» **YOUR TASK**
Although the data below contains pictures, output only the lines between those holding "Ostrov sv. kiliána" and "77 Bollard Avenue New Windsor_16", inclusive, exactly and without those pictures.

» **INPUT DATA**
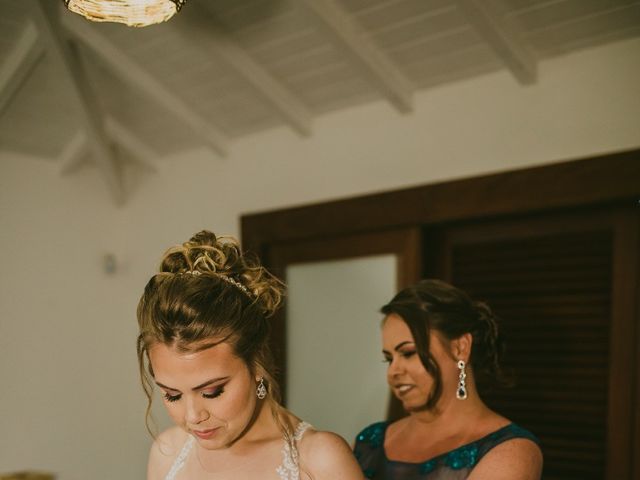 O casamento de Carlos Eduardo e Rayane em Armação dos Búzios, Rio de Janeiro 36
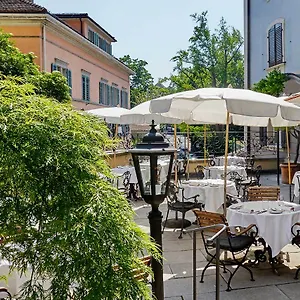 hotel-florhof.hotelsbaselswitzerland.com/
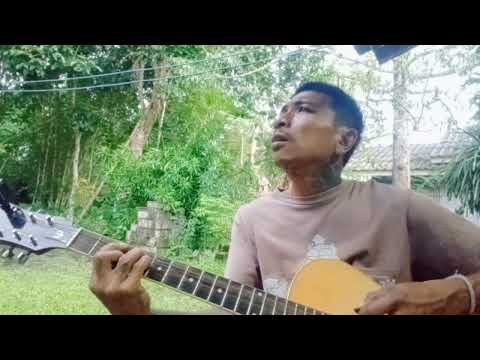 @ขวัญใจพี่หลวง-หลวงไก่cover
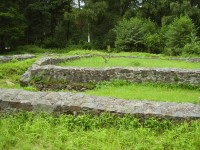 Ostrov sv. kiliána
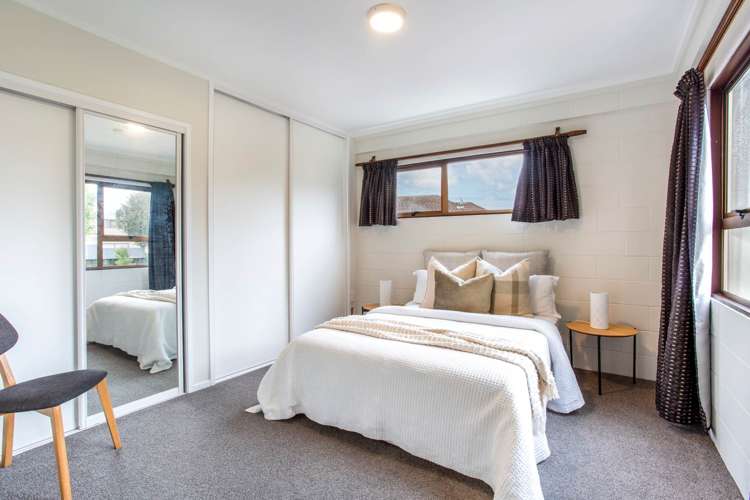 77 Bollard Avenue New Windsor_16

* * *

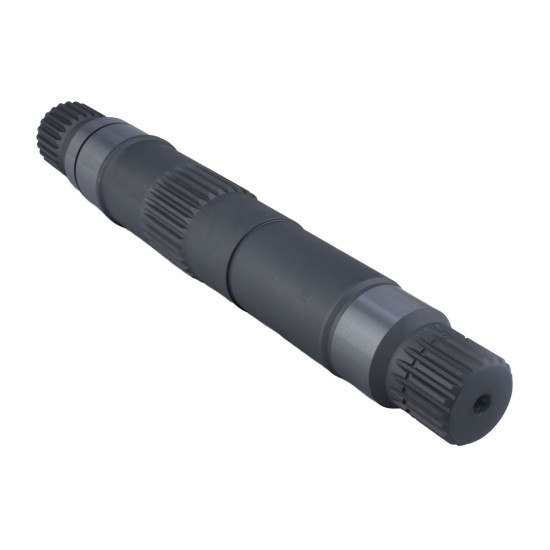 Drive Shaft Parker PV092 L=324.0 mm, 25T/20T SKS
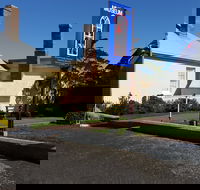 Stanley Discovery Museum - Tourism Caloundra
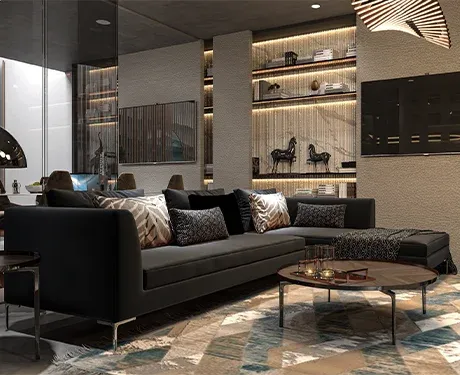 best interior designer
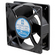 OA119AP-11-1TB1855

* * *

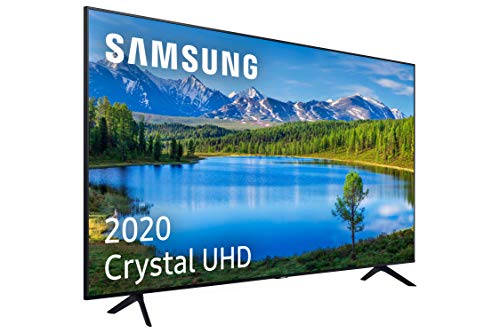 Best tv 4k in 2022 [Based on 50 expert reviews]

» **THE ANSWER**
 Ostrov sv. kiliána
 77 Bollard Avenue New Windsor_16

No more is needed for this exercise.